О высшем пилотаже договорились они со Степанчонком загодя, еще в Москве. Особенно уговаривать Василия не пришлось: ему самому очень хотелось попробовать сделать на планере «мертвую петлю». В прошлом году в Каче он уже делал нечто подобное: на «аврушке» шел в «мертвую петлю» с выключенным мотором. Правда, «аврушка» – это вам не планер. Его можно разогнать километров под 160 в час, он не развалится. Степанчонок верил в Королева и его «Красную звезду». Кроме того, Жуковский, а за ним Пышнов теоретически доказали, что «мертвую петлю» на планере сделать можно. И Василий Степанчонок еще в Москве твердо решил попробовать.

Уступая Сергею, первые полеты на СК-3 Василий отдал ему. Королев летал на «Красной звезде» четыре раза, но всякий раз недолго: планер парил все-таки хуже, чем Сергей ожидал. Кроме того, выяснилось, что требуется небольшая переделка руля направления. Только доделали руль, стала портиться погода. Низкие тучи окутали Узун-Сырт, с моря задул сильный холодный ветер, срывался дождь. У Сергея было поганое настроение, и чувствовал он себя неважно: раскалывалась от боли голова, знобило. Он понял, что заболевает.

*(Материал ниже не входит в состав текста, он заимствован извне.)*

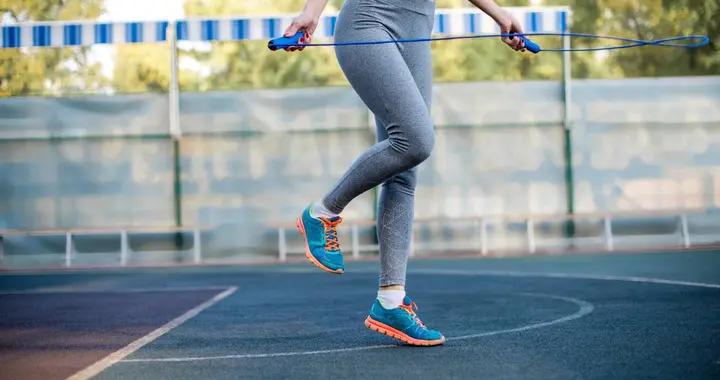 經期跳繩會讓經量變多嗎？分階段建議+身體信號要關注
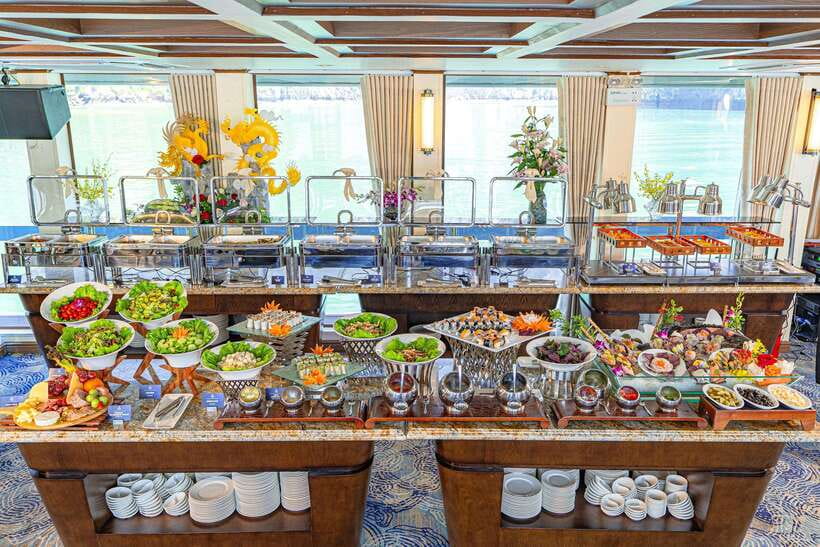 1Day 5 Stars Cruise:Swimming,Hiking & Kayaking, - What to pack and what to clarify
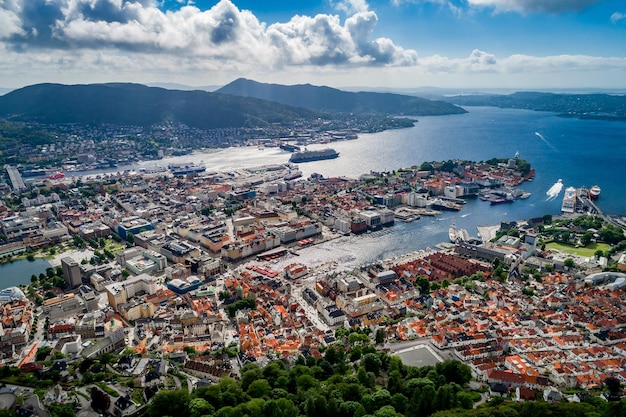 Bergen é uma cidade e município em Hordaland, na costa oeste da Noruega. Bergen é a segunda maior cidade da Noruega. A vista da altura do vôo do pássaro. Fotografia aérea de drones FPV.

– Съезди в Феодосию, – посоветовал Степанчонок, – пусть порошки какие-нибудь выпишут...

– А вдруг распогодится...

– Нет, я Крым знаю, это на несколько дней...

Сергей поехал в Феодосию и не вернулся. Его положили в больницу. Это была не простуда. Это был брюшной тиф. Эпидемия, о которой рассказывала ему в Алчевске Ляля, поймала его в Крыму в самое неподходящее время. Впрочем, разве бывают своевременные эпидемии?..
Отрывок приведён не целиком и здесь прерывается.